Remember that feeling when your Mom didn’t yell like you expected her to, but simply turned away and said, “I’m just disappointed in you. You know better.”? Well, now I know how my mom felt. I feel the same way about my hosptial care. After 1 good day ~last week when we eliminated my constant pain, there was again a dissappointment. Nothing major or harmful, just disrepectful in general and annoying. The absolute abscence of customer service- accept for the nice nurse who carried my coat for me from the waiting room. I didn’t get his name but he was a cute african american gentleman in the interventional radialogy dept. at Northwestern hospital. I was there for a sight check just to make sure my wound was no longer infected and healing nicely.
I was there for 90 minutes before anyone saw me and I had to ask twice. My team the weds before advised me it would be a quick in and out 15 minutes tops, ” just pop in when you can no appointment needed”, not so much. Maybe 10:30 was too close to lunch time. The Doctor, not one I’ve seen before spent a total of 45 seconds with me. He asked if I had any questions and I said / wrote “Why was I here waiting 90 minutes for this?” At least he had the good graces to apologize. It turns out I found out later I did have an appointment for 9am except no one told me ~ I had said I could be there after 10am the week before and was told that was fine. Perhaps I am asking too much. I just don’t think common courtesy is too much. Lesson learned.
For now I have a new plan for any and all appointments proported to be 15 minutes or otherwise…
1) Pack a lunch or a snack
2) bring your MP3 player and a book
3) bring a note book just to record your impressions of the wall art if nothing else
4) ALWAYS BRING AN ADVOCATE, my bad: I didn’t think it was worth the fuel for anyone to join me for a 15min appt.

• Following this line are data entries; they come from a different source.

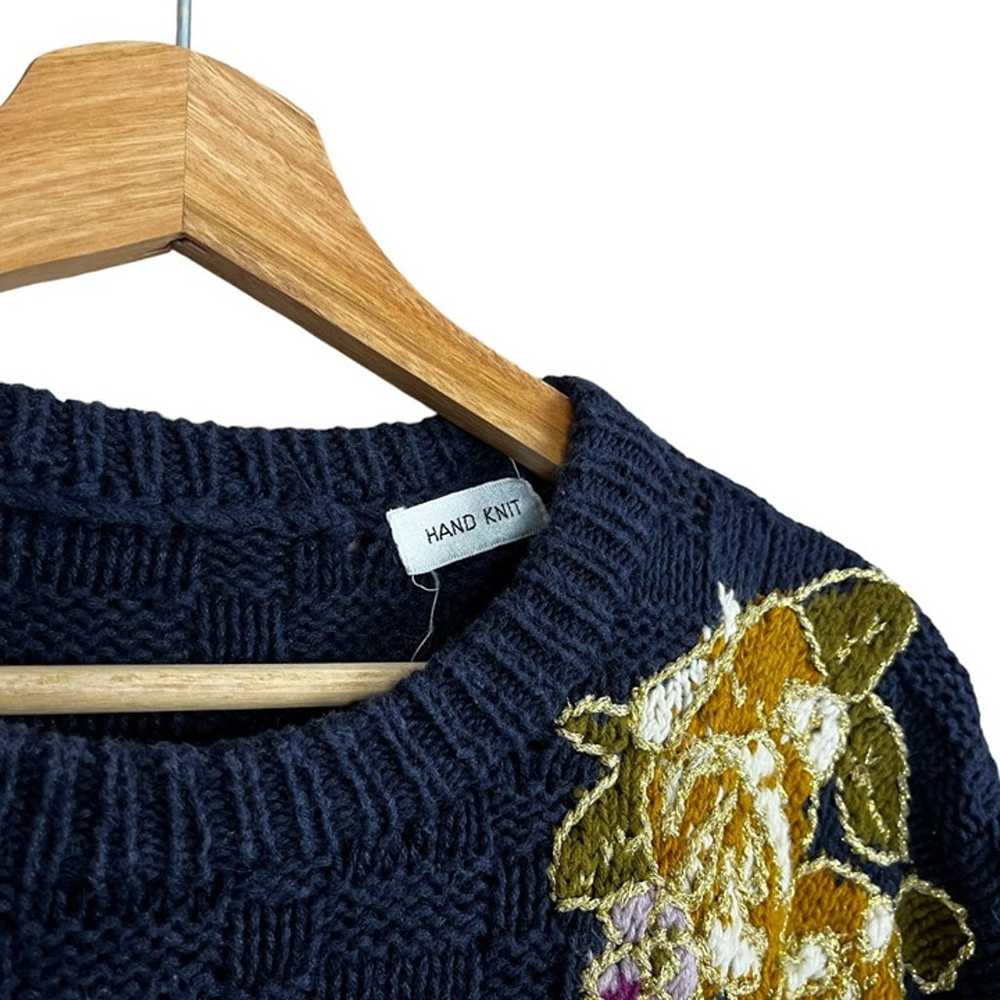 Vintage 80s 90s Navy Hand Knit Sweater w/ Floral … - image 8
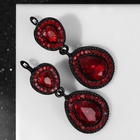 Серьги висячие со стразами «Вечерние» дама, бордовые в чёрном металле - Фото 5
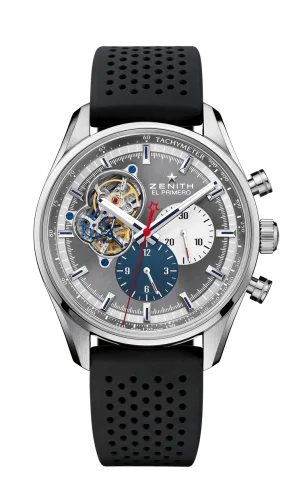 El Primero Chronomaster Open Stainless Steel / Grey 1969 / Rubber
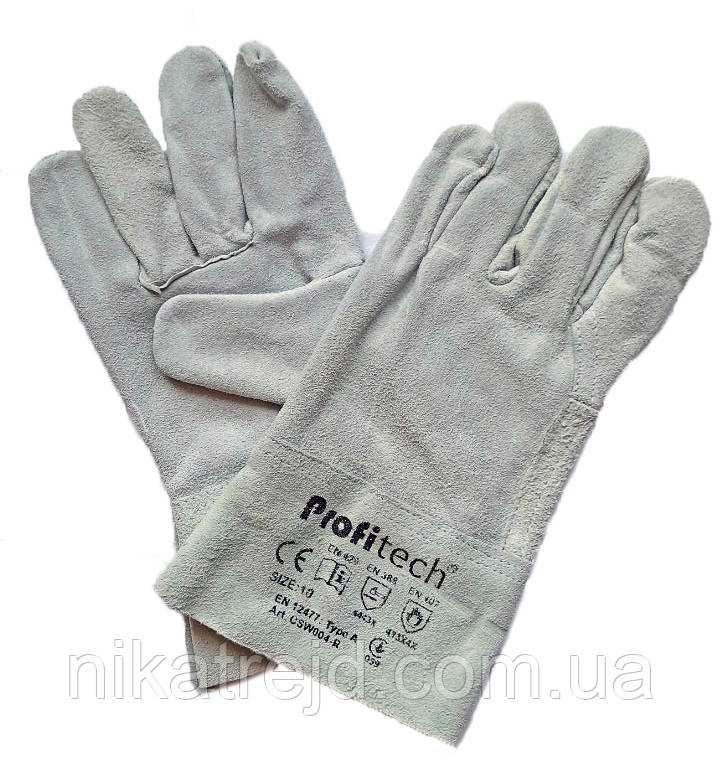 Рукавички Profitech з крагами спілкові без підкл. короткі р.10/XL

5) Be demanding or at last reconfirm the timeline when you arrive, if you don’t have one ask for one so at least they know you are watching the clock
6) Try to come back for check ups when the team you worked with before is there, familiarity breeds better service
I think hospitals have gotten lazy and we the patients have let them be lazy. We go in scared and unsure, our identity in the world mysteriously abscent in their enviroment. We HOPE we are taken care of, we HOPE there are no mistakes, we HOPE we are in good hands. It’s a morass of uncertainty, and the strong become meek. I say it is our right to have great customer service. It’s our right to have questions answered and our right to be seen in a timely fashion. It’s become a pet peeve of mine but I absolutely hate it when a Doctor or nurse is there to take care of me and asks me why I am there; “Don’t you know?” I ask on my note pad. I have an appointment so why don’t you know? Who’s managing my care anyhow?
I am baby I am. I’d just really like an attentive partner who knows medicine to support me with that, ya Know?